Evaluating a recommender system involves (1) If the right results are being recommended (2) Whether more relevant results are being recommended at the top/ first compared to less relevant results.

There are two popular types of recommender systems. Explicit Feedback recommender systems and implicit feedback recommender systems. The metrics used in these are slightly different.

Explicit Feedback Recommender Systems

These are systems where the user gives explicit feedback, usually in the form of a numeric rating for each recommendation.

An example is a movie recommendation system where a user could give a numeric rating in the form of the number of stars for each recommended movie.

Metrics used in Explicit Recommender Systems

For such a system, the metrics used could be pretty simular to that used in a standard regression problem since the target is really a score that you could be predicting, and the actual score is available to measure how good the prediction is.

Mean Absolute Error: Mean over all data points, absolute value of difference between actual rating and predicted rating.
Root Mean Square Error: Square root of Mean over all data points, square of difference between the actual rating and predicted rating.
R2 score:

Implicit Feedback Recommender Systems

These are the more common form of recommendation systems where the user is shown a set of recommendations and there is no explicit feedback. Instead there is implicit feedback in the form of user clicking the item, or adding it to cart and so on.
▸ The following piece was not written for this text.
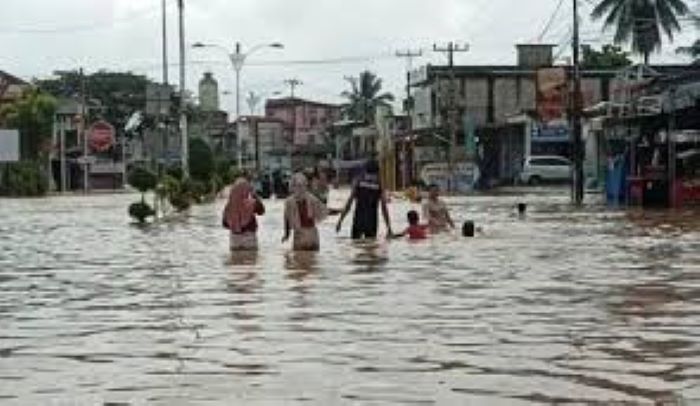 Lima Daerah di Riau Terendam Banjir, Ribuan KK Terdampak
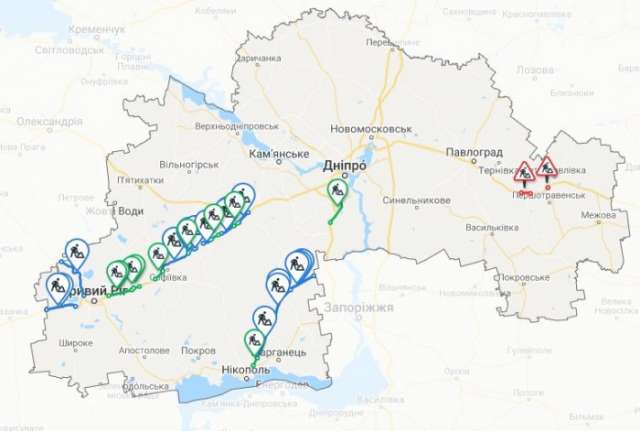 В Україні створили інтерактивну карту, де можна скаржитися онлайн на стан доріг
For instance, when you see a set of related products on an ecommerce website, you are not likely asked for a rating on the quality of the recommendation! Rather, you would probably click on one or more of the products if you like them. And if you click on one of the first few products, that shows that the recommender also managed to get its order right, in addition to showing a relevant product.

Metrics used in Implicit Recommender systems

Since the implicit feedback available is usually binary – in the form of “yes the item is relevant” or “no the item is not relevant”, metrics are simimar to that for classification algorithms.

Precision: Of all recommended items, how many are relevant ?
Recall : Of all relevant items, how many made it into the recommendations?
Precision@K: Of the top K recommended items, how many are relevant?
Recall@K: Of all the relevant items, how many made it into the top K recommendations.
Mean Average Precision (MAP): If there are K items recommended, precision@k averaged from k=1…K averaged over all data points.
Mean Average Recall (MAR): If there are K items recommended, recall@k averaged from k=1…K averaged over all data points.

For recommeders with Single Correct Response

There are situations where a single correct response makes sense. For instance, suppose you are scanning a product to identify it from a catalouge for billing, there is only one correct match from the items recommended based on the scan.

Mean Reciprocal Rank or Mean Percentile Rank

In such a case, the popular metric used is the mean reciprocal rankor the mean percentile rank. This metric involves computing the reciprocal of the rank of the correct item from the list of recommendations. If the correct item is at the top, it leads to a rank of 1 and keeps degrading as the correct item appears lower in the list of recommendations.